In 2001 South Africa adopted a policy intended for the provision of free basic services to poorer households. Under this policy, municipalities were tasked to identify indigent households that would receive services – such as water and electricity – for free or at substantially subsidised rates.
South Africa’s 257 municipalities registered 3,51 million indigent households in 2017.1 That’s about 1 in every 5 of the country’s 16,2 million2 households.
Households are required to register with municipalities to qualify for free basic services. A municipality’s role is to vet every application, selecting only those households that meet various criteria. Successful applicants are granted indigent status. Municipalities often run awareness campaigns to ensure that households are aware of the application process.
Indigent status isn’t for life, however. The economic status of a family might improve over time. To ensure that only the poorest families are catered for, municipalities require registered households to reapply for indigent status on a regular basis, often once a year.
There are constraints. A municipality might not be able to service all indigent households that have successfully registered, due to lack of funds or inadequate infrastructure.

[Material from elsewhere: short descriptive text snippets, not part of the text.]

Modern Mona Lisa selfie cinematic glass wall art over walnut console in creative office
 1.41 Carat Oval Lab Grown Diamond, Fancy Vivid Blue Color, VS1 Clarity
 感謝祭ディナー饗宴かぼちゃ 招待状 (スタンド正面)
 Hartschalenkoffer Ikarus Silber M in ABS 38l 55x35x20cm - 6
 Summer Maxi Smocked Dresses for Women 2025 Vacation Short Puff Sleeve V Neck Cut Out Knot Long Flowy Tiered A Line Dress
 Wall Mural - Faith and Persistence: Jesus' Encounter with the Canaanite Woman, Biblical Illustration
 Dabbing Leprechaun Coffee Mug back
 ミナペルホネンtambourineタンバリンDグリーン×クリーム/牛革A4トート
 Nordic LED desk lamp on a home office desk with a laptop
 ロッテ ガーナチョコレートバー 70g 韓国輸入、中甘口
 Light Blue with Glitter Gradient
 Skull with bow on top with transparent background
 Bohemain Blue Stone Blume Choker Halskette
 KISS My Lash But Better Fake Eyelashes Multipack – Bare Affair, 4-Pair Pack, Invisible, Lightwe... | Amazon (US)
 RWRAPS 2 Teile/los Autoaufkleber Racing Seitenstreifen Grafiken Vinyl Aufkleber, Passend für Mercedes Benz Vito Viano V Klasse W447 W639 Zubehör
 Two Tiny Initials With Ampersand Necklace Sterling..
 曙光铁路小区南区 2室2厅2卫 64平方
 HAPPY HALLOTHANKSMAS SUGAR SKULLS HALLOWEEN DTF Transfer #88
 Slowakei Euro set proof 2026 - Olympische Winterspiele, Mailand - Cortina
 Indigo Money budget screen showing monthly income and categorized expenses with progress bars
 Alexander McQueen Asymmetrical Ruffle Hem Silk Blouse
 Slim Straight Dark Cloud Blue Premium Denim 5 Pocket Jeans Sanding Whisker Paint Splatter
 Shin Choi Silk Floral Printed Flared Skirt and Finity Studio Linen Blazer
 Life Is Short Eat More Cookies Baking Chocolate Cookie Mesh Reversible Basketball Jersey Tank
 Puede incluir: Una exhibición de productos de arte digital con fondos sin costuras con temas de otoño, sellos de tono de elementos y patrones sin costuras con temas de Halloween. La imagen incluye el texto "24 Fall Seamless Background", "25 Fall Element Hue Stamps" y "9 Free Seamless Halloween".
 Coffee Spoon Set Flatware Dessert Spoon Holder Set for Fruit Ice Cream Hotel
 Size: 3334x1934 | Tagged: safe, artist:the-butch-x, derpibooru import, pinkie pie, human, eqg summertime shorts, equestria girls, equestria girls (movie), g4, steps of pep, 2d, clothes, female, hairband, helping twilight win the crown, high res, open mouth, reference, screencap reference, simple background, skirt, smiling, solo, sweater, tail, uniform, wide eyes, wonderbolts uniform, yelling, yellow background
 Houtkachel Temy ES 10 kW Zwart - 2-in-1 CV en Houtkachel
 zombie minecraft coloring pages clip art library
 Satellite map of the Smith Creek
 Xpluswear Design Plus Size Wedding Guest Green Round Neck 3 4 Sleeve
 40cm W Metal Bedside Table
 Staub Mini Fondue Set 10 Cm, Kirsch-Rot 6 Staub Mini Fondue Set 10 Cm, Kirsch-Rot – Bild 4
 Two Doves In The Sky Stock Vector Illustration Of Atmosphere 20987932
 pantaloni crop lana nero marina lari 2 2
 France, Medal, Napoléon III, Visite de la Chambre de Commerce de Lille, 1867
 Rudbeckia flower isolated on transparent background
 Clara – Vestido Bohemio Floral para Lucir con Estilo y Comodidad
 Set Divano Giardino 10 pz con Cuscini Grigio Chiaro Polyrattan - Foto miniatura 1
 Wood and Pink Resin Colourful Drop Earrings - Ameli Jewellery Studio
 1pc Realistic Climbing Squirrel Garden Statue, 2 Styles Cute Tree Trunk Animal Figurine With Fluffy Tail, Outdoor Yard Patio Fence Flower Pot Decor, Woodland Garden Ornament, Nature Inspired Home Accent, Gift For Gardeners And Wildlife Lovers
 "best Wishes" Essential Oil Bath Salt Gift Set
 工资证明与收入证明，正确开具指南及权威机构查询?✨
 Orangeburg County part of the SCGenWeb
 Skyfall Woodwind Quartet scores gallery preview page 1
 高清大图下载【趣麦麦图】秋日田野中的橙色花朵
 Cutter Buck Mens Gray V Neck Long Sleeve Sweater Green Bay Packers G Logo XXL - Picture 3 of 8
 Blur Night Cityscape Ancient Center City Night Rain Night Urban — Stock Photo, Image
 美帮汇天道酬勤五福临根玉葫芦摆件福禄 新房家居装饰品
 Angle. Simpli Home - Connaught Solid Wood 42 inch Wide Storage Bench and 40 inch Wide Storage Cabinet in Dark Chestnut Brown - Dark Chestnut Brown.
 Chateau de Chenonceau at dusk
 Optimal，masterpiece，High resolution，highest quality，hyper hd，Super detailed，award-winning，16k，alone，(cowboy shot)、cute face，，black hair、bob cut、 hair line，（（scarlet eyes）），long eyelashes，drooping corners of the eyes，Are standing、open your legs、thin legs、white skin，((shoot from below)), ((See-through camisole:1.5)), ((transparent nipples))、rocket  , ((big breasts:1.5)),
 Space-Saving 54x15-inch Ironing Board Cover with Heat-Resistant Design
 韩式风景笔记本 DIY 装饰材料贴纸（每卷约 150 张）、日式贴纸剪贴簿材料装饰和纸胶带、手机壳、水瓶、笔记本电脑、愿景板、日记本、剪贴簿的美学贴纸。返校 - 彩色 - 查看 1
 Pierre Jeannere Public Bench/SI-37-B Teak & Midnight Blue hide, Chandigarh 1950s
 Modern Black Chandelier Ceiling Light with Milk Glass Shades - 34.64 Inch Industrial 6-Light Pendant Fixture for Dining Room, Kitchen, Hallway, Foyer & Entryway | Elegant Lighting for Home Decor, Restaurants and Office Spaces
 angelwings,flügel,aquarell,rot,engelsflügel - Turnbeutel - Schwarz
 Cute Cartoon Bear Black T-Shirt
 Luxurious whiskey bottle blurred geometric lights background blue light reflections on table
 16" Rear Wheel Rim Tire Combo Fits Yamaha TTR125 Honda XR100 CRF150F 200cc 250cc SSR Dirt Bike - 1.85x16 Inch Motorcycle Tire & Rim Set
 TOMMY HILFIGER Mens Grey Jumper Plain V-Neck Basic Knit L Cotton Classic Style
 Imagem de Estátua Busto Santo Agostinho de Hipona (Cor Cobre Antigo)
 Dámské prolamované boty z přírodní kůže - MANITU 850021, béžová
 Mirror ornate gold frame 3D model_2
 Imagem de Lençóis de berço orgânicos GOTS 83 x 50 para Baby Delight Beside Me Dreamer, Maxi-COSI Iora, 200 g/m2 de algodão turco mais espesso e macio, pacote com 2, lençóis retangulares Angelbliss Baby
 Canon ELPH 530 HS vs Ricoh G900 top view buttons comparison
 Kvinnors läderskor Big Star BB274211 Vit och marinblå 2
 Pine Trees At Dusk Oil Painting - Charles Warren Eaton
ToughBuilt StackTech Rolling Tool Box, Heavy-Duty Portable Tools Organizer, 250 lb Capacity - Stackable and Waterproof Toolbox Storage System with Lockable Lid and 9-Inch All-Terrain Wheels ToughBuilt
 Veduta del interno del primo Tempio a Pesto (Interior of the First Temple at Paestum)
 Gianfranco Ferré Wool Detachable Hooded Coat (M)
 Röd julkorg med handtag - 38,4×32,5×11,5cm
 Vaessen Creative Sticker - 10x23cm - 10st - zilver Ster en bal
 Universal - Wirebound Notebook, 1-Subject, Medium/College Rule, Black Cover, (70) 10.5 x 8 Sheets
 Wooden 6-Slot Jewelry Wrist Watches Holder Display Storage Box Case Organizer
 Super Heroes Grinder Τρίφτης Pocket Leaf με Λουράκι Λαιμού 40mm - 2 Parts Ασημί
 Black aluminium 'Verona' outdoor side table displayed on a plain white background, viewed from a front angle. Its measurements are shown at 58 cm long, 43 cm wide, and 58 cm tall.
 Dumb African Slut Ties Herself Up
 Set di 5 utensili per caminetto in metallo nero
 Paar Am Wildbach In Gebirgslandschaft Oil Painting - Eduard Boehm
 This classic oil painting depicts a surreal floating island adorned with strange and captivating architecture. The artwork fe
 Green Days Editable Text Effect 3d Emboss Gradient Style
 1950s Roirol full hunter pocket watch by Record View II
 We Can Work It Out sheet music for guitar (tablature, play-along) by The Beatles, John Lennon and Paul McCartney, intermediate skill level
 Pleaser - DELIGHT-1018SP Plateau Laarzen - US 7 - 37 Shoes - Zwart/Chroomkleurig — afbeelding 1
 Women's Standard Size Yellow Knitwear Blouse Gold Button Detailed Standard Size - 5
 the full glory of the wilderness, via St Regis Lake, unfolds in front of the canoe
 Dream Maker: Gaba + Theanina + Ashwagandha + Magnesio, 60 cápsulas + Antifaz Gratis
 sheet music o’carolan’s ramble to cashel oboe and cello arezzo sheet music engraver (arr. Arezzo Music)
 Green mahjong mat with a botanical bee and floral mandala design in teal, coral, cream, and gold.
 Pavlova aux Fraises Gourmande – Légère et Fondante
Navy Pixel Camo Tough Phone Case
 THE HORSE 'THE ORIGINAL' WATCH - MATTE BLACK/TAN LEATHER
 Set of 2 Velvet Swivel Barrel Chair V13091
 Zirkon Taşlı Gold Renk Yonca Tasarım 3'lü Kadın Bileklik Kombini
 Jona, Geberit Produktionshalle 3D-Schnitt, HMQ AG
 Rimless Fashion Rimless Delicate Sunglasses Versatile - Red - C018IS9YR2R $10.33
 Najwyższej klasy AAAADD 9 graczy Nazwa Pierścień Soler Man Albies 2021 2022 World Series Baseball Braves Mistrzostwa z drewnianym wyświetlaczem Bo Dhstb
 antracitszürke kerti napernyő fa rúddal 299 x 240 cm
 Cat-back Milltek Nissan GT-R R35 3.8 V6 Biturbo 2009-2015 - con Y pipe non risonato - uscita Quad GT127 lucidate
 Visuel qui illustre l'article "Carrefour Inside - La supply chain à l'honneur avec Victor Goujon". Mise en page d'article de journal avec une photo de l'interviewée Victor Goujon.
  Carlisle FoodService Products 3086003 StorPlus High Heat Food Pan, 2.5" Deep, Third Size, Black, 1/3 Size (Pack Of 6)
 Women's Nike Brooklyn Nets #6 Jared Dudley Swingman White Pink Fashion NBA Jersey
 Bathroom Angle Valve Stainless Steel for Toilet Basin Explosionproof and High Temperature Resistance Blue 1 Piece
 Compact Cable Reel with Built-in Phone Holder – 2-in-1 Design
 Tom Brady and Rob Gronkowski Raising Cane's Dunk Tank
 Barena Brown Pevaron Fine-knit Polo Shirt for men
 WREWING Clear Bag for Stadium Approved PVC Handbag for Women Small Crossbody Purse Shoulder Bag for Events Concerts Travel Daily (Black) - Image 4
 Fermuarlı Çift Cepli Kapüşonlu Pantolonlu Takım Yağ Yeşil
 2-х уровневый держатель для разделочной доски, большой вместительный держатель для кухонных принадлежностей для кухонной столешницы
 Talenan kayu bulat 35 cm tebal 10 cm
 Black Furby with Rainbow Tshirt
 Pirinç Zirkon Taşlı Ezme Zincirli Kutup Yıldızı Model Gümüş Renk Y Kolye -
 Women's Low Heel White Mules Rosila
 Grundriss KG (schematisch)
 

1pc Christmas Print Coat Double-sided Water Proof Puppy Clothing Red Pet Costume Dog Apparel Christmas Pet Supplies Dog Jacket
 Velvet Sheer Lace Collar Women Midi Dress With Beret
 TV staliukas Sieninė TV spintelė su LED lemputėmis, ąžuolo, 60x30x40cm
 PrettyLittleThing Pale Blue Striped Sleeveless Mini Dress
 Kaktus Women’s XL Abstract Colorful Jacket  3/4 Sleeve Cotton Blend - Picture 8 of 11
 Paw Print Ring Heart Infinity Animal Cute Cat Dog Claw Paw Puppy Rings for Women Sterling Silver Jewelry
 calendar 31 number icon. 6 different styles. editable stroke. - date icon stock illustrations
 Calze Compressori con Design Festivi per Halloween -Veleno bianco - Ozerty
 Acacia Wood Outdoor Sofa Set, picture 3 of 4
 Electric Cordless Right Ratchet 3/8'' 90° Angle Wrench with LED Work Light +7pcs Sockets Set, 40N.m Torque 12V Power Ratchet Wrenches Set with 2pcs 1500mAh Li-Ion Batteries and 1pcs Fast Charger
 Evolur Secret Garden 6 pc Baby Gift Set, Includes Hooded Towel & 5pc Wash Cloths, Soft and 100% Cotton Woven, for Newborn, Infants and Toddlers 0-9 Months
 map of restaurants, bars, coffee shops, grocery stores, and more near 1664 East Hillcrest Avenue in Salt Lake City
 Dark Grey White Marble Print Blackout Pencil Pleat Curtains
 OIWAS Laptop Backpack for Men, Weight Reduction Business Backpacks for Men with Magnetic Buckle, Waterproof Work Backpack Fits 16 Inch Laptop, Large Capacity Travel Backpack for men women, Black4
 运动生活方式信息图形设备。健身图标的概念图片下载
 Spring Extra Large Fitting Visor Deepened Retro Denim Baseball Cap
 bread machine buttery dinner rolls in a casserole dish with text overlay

In 2017 most municipalities (147 out of 257) classified an indigent household as a family earning a combined income of less than R3 200 per month. Eleven municipalities (nine local municipalities and two district municipalities) adopted a lower income poverty threshold of R1 600 per household per month.
Municipalities can also decide on the extent to which they subsidise an indigent household. The general rule is that indigent households are entitled to 6 kl of free water per household per month and 50 kWh of free electricity per household per month. The extent to which sanitation and refuse removal services are subsidised varies from municipality to municipality.
The provision of basic services to the poor remains a top priority for government. The indigent programme continues to be a vital lifeline for the 22% of households that would otherwise not have had access to basic services.